### Available records
::::::::
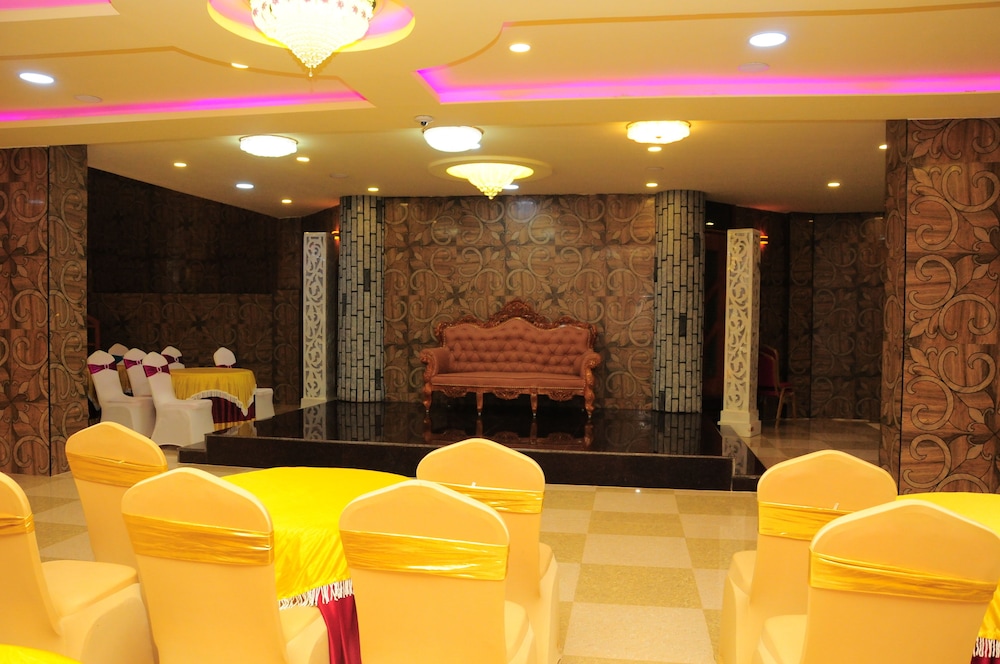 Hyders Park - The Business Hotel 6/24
::::::::
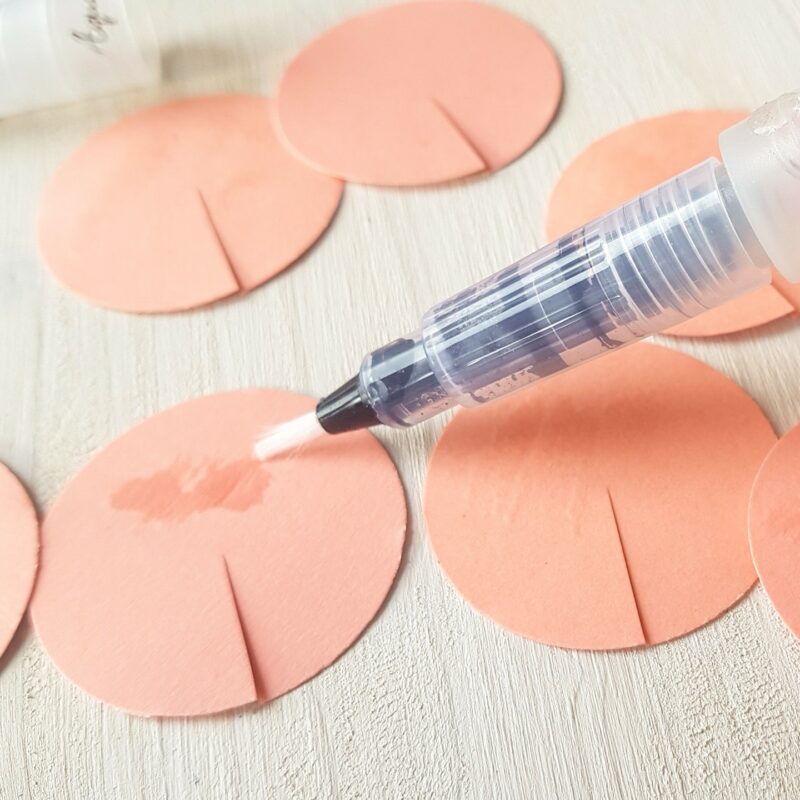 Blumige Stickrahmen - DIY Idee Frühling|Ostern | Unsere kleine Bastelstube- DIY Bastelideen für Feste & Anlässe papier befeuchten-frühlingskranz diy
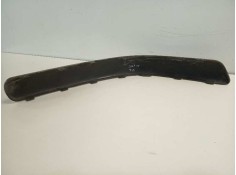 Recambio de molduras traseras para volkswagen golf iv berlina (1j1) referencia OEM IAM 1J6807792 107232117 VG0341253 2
::::::::
### About this exercise
What are the lines above from the one with "Blumige Stickrahmen - DIY" to the one with "Recambio de molduras", both included? Reproduce them exactly, without pictures.

### Response to this exercise
 Blumige Stickrahmen - DIY Idee Frühling|Ostern | Unsere kleine Bastelstube- DIY Bastelideen für Feste & Anlässe papier befeuchten-frühlingskranz diy
 Recambio de molduras traseras para volkswagen golf iv berlina (1j1) referencia OEM IAM 1J6807792 107232117 VG0341253 2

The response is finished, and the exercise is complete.